Finite State Machines-Based Path-Following Collaborative Computing Strategy for Emergency UAV Swarms

TL;DR

This paper introduces a finite state machine-based strategy for optimizing task offloading in emergency UAV swarms, effectively reducing delay in dynamic disaster environments.

Contribution

It proposes a novel EFSMSG model and a CSABPSO algorithm to improve task scheduling and minimize latency in UAV swarms during emergencies.

Findings

Reduces task processing delay significantly.

Effectively handles dynamic UAV environments.
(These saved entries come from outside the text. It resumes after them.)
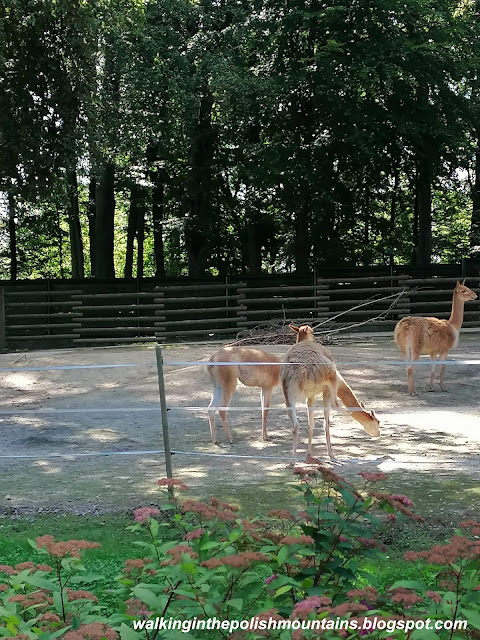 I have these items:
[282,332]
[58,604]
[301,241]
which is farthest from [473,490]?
[301,241]

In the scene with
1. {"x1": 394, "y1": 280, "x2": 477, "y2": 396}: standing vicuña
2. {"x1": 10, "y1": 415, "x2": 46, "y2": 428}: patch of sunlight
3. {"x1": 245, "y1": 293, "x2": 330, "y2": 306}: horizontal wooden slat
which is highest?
{"x1": 245, "y1": 293, "x2": 330, "y2": 306}: horizontal wooden slat

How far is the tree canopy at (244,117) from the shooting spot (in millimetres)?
17688

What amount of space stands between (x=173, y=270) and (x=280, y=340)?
15.8 metres

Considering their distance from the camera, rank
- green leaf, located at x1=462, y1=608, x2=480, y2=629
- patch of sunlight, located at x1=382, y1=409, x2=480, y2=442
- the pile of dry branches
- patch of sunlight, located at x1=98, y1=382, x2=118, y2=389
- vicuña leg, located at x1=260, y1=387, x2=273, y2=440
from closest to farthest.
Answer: green leaf, located at x1=462, y1=608, x2=480, y2=629
vicuña leg, located at x1=260, y1=387, x2=273, y2=440
patch of sunlight, located at x1=382, y1=409, x2=480, y2=442
patch of sunlight, located at x1=98, y1=382, x2=118, y2=389
the pile of dry branches

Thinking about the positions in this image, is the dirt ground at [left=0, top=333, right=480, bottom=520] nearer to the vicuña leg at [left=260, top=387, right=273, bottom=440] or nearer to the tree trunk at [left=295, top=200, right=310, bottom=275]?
the vicuña leg at [left=260, top=387, right=273, bottom=440]

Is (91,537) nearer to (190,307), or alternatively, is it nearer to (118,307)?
(118,307)

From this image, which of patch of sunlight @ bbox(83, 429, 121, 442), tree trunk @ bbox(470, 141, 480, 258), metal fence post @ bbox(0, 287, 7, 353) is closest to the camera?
patch of sunlight @ bbox(83, 429, 121, 442)

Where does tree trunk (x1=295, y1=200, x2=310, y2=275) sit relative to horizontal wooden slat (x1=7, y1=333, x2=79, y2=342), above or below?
above

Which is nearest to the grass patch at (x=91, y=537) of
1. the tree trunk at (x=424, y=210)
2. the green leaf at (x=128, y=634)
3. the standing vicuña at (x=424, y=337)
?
the green leaf at (x=128, y=634)

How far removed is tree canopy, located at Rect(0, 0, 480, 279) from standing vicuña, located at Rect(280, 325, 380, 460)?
10.3 metres

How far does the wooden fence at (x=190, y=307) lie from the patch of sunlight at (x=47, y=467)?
36.7 feet

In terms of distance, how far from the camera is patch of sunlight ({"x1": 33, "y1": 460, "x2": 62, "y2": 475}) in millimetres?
7562

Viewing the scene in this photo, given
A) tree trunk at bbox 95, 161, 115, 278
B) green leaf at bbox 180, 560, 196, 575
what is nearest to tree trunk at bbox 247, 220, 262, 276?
tree trunk at bbox 95, 161, 115, 278

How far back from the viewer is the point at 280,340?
1780 centimetres
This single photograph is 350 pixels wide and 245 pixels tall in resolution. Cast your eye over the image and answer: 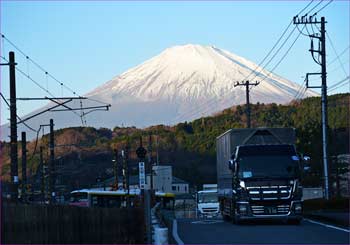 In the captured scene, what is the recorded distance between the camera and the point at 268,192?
2784cm

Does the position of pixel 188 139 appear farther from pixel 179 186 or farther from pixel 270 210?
pixel 270 210

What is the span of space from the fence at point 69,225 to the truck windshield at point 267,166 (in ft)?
18.0

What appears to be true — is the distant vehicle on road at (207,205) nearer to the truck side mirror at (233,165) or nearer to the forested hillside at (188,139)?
the forested hillside at (188,139)

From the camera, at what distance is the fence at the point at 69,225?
13797mm

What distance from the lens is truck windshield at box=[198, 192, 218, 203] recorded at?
2073 inches

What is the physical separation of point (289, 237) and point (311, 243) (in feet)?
6.69

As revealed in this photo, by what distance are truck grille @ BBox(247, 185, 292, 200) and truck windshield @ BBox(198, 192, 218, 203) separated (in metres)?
24.7

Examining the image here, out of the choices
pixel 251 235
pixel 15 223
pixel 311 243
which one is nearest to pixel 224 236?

Improves rescue operation efficiency.

Abstract

Offloading services to UAV swarms for delay-sensitive tasks in Emergency UAV Networks (EUN) can greatly enhance rescue efficiency. Most task-offloading strategies assumed that UAVs were location-fixed and capable of handling all tasks. However, in complex disaster environments, UAV locations often change dynamically, and the heterogeneity of on-board resources presents a significant challenge in optimizing task scheduling in EUN to minimize latency. To address these problems, a Finite state machines-based Path-following Collaborative computation strategy (FPC) for emergency UAV swarms is proposed. First, an Extended Finite State Machine Space-time Graph (EFSMSG) model is constructed to accurately characterize on-board resources and state transitions while shielding the EUN dynamic characteristic. Based on the EFSMSG, a mathematical model is formulated for the FPC strategy to minimize task processing delay while facilitating computation during transmission. Finally, the Constraint Selection Adaptive Binary Particle Swarm Optimization (CSABPSO) algorithm is proposed for the solution. Simulation results demonstrate that the proposed FPC strategy effectively reduces task processing delay, meeting the requirements of delay-sensitive tasks in emergency situations.